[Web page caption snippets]

>>>>

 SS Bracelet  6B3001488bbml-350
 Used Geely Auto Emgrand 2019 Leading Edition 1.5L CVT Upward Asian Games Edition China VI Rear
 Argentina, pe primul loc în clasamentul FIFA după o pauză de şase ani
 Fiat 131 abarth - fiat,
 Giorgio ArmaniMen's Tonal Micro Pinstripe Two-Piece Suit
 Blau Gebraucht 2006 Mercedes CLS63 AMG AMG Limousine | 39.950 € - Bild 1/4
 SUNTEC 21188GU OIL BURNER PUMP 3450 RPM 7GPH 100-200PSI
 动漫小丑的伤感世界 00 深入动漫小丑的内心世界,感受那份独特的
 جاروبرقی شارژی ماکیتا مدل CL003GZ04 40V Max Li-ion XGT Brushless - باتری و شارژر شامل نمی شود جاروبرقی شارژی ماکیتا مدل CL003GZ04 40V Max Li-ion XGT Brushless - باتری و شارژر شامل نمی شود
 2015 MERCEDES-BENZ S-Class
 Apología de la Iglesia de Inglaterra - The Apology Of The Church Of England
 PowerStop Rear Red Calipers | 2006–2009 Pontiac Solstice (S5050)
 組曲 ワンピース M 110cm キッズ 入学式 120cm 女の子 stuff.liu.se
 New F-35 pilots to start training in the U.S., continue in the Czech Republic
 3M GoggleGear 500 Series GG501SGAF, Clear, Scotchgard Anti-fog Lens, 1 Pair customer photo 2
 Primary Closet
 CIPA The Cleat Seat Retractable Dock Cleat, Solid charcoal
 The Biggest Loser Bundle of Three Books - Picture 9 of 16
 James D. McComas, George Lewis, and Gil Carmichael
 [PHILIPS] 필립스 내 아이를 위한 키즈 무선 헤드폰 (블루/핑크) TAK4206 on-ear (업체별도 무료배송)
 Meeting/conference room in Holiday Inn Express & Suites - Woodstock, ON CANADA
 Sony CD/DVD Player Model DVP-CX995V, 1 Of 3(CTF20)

<<<<

### Task to carry out
Your answer should consist of the lines from the line with "CIPA The Cleat" through the last line of the data, set down exactly, both included.

### Output below
 CIPA The Cleat Seat Retractable Dock Cleat, Solid charcoal
 The Biggest Loser Bundle of Three Books - Picture 9 of 16
 James D. McComas, George Lewis, and Gil Carmichael
 [PHILIPS] 필립스 내 아이를 위한 키즈 무선 헤드폰 (블루/핑크) TAK4206 on-ear (업체별도 무료배송)
 Meeting/conference room in Holiday Inn Express & Suites - Woodstock, ON CANADA
 Sony CD/DVD Player Model DVP-CX995V, 1 Of 3(CTF20)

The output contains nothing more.